**ACTION ITEM**
Please retype every entry, keeping each one exactly as written.

═══ SOURCE DATA ═══

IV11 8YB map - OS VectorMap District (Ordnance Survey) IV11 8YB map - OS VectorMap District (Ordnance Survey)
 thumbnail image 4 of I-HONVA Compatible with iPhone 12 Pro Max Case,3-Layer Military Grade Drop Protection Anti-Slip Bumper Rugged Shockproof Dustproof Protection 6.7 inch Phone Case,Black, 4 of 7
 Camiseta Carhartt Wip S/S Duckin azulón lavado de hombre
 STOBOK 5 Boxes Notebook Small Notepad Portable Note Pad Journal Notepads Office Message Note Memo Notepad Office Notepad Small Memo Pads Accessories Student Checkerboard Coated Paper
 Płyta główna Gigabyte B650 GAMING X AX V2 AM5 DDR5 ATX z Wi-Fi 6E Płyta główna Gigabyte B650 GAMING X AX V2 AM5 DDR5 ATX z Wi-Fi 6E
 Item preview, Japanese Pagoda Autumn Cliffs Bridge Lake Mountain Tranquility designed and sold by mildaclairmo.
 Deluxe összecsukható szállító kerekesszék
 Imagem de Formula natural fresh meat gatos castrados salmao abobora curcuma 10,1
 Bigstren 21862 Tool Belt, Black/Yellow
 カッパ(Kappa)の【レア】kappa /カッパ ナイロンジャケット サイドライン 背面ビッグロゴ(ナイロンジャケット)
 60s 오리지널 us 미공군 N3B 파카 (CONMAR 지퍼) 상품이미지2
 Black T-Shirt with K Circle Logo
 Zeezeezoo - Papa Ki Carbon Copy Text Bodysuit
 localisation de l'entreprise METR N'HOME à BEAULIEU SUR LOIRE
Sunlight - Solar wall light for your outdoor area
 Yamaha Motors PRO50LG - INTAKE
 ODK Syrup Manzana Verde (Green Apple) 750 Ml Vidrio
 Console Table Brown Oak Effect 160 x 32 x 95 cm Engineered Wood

═══

**WRITTEN SOLUTION**
IV11 8YB map - OS VectorMap District (Ordnance Survey) IV11 8YB map - OS VectorMap District (Ordnance Survey)
 thumbnail image 4 of I-HONVA Compatible with iPhone 12 Pro Max Case,3-Layer Military Grade Drop Protection Anti-Slip Bumper Rugged Shockproof Dustproof Protection 6.7 inch Phone Case,Black, 4 of 7
 Camiseta Carhartt Wip S/S Duckin azulón lavado de hombre
 STOBOK 5 Boxes Notebook Small Notepad Portable Note Pad Journal Notepads Office Message Note Memo Notepad Office Notepad Small Memo Pads Accessories Student Checkerboard Coated Paper
 Płyta główna Gigabyte B650 GAMING X AX V2 AM5 DDR5 ATX z Wi-Fi 6E Płyta główna Gigabyte B650 GAMING X AX V2 AM5 DDR5 ATX z Wi-Fi 6E
 Item preview, Japanese Pagoda Autumn Cliffs Bridge Lake Mountain Tranquility designed and sold by mildaclairmo.
 Deluxe összecsukható szállító kerekesszék
 Imagem de Formula natural fresh meat gatos castrados salmao abobora curcuma 10,1
 Bigstren 21862 Tool Belt, Black/Yellow
 カッパ(Kappa)の【レア】kappa /カッパ ナイロンジャケット サイドライン 背面ビッグロゴ(ナイロンジャケット)
 60s 오리지널 us 미공군 N3B 파카 (CONMAR 지퍼) 상품이미지2
 Black T-Shirt with K Circle Logo
 Zeezeezoo - Papa Ki Carbon Copy Text Bodysuit
 localisation de l'entreprise METR N'HOME à BEAULIEU SUR LOIRE
Sunlight - Solar wall light for your outdoor area
 Yamaha Motors PRO50LG - INTAKE
 ODK Syrup Manzana Verde (Green Apple) 750 Ml Vidrio
 Console Table Brown Oak Effect 160 x 32 x 95 cm Engineered Wood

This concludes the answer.